27 May

Week 8 Recap

Looking Back

Two months gone by, already. Time flies.

As expected, I have been busy with the loading and persistence aspect. This stuff is just hell to get right with performance in mind. Until a few days ago, I still had a mechanism which would unload terrain chunks from memory once they at a large distance from the player. Upon tracking back, those chunks would then be loaded again. First, this was a major improvement, since the chunks were not being completely generated from scratch, anymore. However, harddisk input / output tends to become a bottleneck very quickly. As it turns out, that was not even the biggest issue. Unity’s many flaws (compensated by its myriad of benefits) include the reliance on rather old Mono version, with its abysmally bad garbage collector. Frequently allocating large chunks of memory, e.g. for terrain loading, is therefore a surefire way to produce equally frequent, nasty spikes of performance drops when the garbage collector runs. Big no-no.

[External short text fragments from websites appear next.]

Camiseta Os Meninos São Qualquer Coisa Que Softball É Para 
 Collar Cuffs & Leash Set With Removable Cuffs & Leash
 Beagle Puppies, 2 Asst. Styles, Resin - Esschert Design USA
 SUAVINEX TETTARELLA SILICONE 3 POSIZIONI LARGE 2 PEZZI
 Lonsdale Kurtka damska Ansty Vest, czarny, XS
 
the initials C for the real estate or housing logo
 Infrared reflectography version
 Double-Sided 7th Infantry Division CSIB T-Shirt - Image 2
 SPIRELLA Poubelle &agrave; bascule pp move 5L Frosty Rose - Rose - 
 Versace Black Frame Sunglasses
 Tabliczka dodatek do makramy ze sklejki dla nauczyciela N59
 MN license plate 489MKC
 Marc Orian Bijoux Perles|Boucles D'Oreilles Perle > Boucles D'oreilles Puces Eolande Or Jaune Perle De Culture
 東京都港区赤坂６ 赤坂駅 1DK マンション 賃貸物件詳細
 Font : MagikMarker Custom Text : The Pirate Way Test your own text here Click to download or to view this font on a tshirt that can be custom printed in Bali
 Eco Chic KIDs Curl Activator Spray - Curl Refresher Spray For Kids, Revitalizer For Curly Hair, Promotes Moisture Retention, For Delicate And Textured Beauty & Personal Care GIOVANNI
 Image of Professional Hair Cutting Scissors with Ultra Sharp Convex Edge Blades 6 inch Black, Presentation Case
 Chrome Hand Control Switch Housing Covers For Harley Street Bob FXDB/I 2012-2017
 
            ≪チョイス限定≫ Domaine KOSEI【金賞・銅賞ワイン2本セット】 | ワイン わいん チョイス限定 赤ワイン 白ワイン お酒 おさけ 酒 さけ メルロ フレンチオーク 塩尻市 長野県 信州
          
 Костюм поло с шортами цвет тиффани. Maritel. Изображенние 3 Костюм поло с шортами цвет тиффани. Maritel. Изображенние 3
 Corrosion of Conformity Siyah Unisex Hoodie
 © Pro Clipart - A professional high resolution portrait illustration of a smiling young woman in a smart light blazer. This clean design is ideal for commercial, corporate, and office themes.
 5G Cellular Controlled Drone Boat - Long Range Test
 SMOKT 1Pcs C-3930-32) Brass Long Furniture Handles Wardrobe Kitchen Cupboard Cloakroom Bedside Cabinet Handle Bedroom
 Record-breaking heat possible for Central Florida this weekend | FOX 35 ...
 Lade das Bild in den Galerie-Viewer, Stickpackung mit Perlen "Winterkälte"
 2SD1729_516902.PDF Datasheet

As a temporary solution, I simply do not evict any data, anymore. The memory footprint will appear high for a “simple” looking game, but at this time I am not willing to put in any more time into an issue which is largely out of my hands.

So, what will actually work now? Well, starting a game in one of the larger regions will take only slightly longer instead of multiple times as long as a small region start. When players move around the environment, more terrain is loaded incrementally, until the entire map resides in memory. Here is a little demonstration of the loading in the Unity editor:

The current settings in the standalone build should make it hard for players to overtake terrain building, so they should be able to seamlessly run from one corner of the map to the other. While this means that precious little time has gone into actual game features, the performance fixes will make testing a lot more bearable.

Speaking of testing, I have uploaded a new alpha build with all changes as of today. Check the forum and help me out, if you like.

Looking Forward

With the most glaring performance issues having been addressed, I have a good feeling about continuing on gameplay. Last week I mentioned the task system, especially its user interface, as a next big task for me. Next week’s goal will be enabling players to assign a “tend campfire” task to one of the companion NPCs. From there, I can iterate on the system and extend it for arbitrary tasks, as usual.

Thanks for reading and until next week.

20 May

Week 7 Recap

Looking Back

As mentioned last week, it was time for another look at the terrain. Previously, all geometry was generated procedurally from (relatively) simple algorithms. While this offers a maximum of flexibility, it is also a maximum of pain in the ass to implement and extend. I have changed the system to still create the basic terrain layout procedurally, but geometry is now made up of pre-built pieces which are then combined into a whole terrain chunk.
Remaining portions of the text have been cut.